# Fishin4amission report central east



## hardin083

Nice job... Looks like a nice day out! Are you fishing the satellite beach area?


----------



## redjim

Wonderful job!!! I believe I saw you while I was throwing the long rod in your sharp WATERMAN!

[smiley=thumbsup3.gif]


----------



## grovesnatcher

Got the chance to do a little scouting, today with my dad. Adventure's in our back yard pretending we were in the glades.




Ended up finding some productive water once it warmed up. 3 reds, snook, and some black drums. Bass fishing lures with shaky heads seemed to do the trick. God bless


----------



## redjim

Way to go Shannon!!!

[smiley=1-thumbsup3.gif]


----------



## grovesnatcher

Thanks Jim I'm going to have a flamingo report this weekend! 
Maybe we can get out soon and chase some.


----------



## grovesnatcher

*Re: Fishin4amission whitewater*

Big Dave and I did a power trip down in whitewater bay, left at sun up and pulled out at sunset. Over all we caught 40-50 fish on soft plastics, mirrorlures, and top water. Many trout 3-4 lbs, reds mainly rats, jacks, lady's, sharks, and many tarpon denials. Over all it was a beautiful day with cool birds, gators, and mangroves. My iPhone went dead so missed a lot of pics but got a couple.

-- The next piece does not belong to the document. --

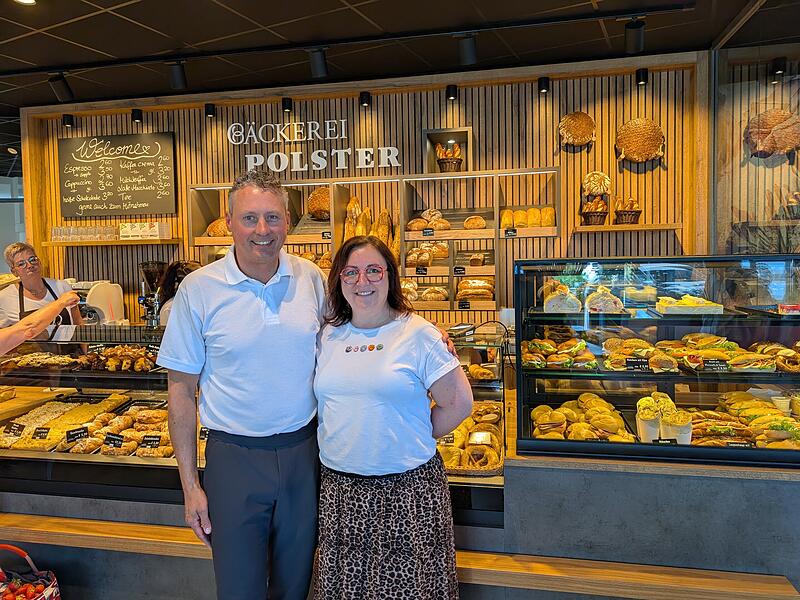 B&auml;ckerei Polster HerzogenaurachB&auml;ckerei Polster Herzogenaurach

Thanks Dave for a great day in Gods backcountry


----------



## mikeregas

Great place to spend the day!!!


----------



## grovesnatcher

Yes how'd your trip go? Let me know if you want to fish sometime.


----------



## mikeregas

my trip was good, lots of jacks, trout, lady fish, jumped a nice tarpon in the shark river and couldnt get a redfish to eat if my life depended on it. 

With that being said, I can't wait to go back down there again. It's one of the coolest places I have ever been. 

Lets get out on the water one day and see if we can get into them.


----------



## redjim

Shannon, sounds like you had a ball down South!!! 
[smiley=1-beer-german.gif]


----------



## mikeregas

Its always fun, when I go someplace and look at my cell phone and see "No Service" [smiley=1-beer.gif]


----------



## grovesnatcher

This weeks adventure took us out on my local flats, it was beautiful this week. Light winds Clearwater and nice fish some tailing reds and some big trout. 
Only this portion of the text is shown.